**Exercise**:
Skip the images and print the listing exactly.

**Source data**:
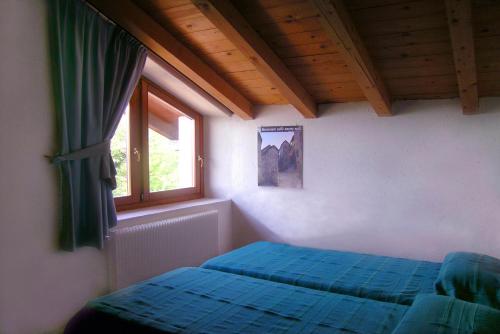 MedunoA casa mia的一间卧室设有一张床和一个窗口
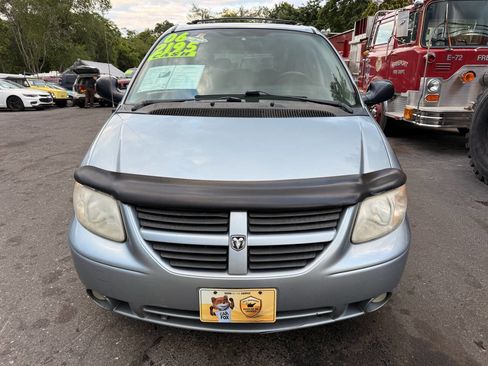Used 2006 Dodge Grand Caravan SXT image 3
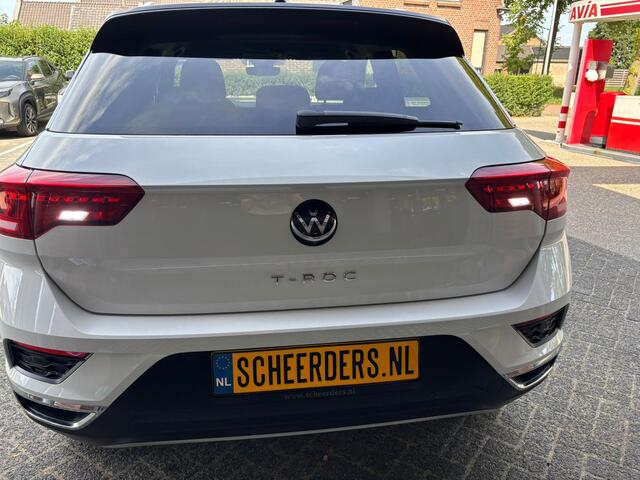 Volkswagen T-Roc 1.5 TSI Style,Navi,PDC,Camera,1Jaar garantie
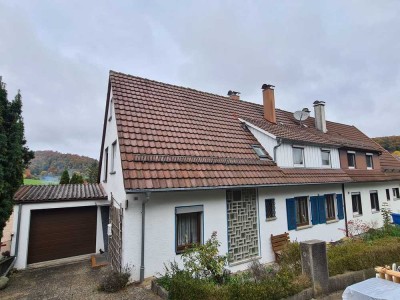 Große Doppelhaushälfte ca. 185 m² Wfl. mit Charme, Weitblick &. Potential in Unterkochen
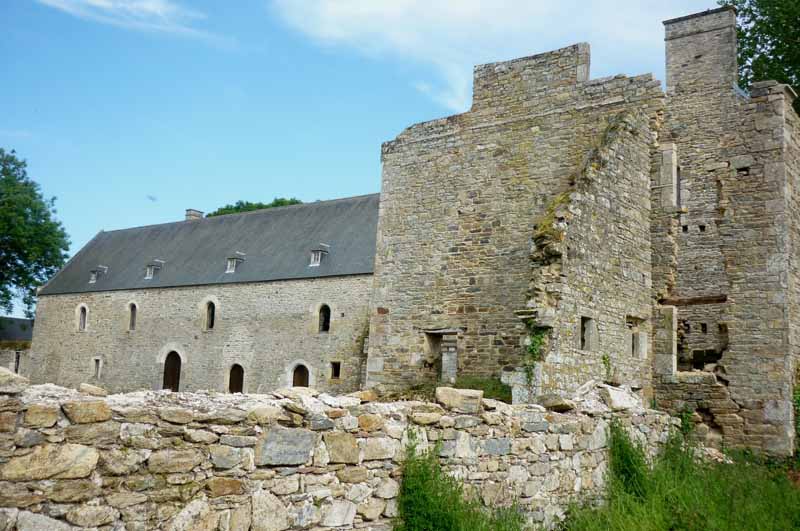 Rémilly sur Lozon_Château de Montfort_3©O.Lehodey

**Result for this task**:
 MedunoA casa mia的一间卧室设有一张床和一个窗口
Used 2006 Dodge Grand Caravan SXT image 3
 Volkswagen T-Roc 1.5 TSI Style,Navi,PDC,Camera,1Jaar garantie
 Große Doppelhaushälfte ca. 185 m² Wfl. mit Charme, Weitblick &. Potential in Unterkochen
 Rémilly sur Lozon_Château de Montfort_3©O.Lehodey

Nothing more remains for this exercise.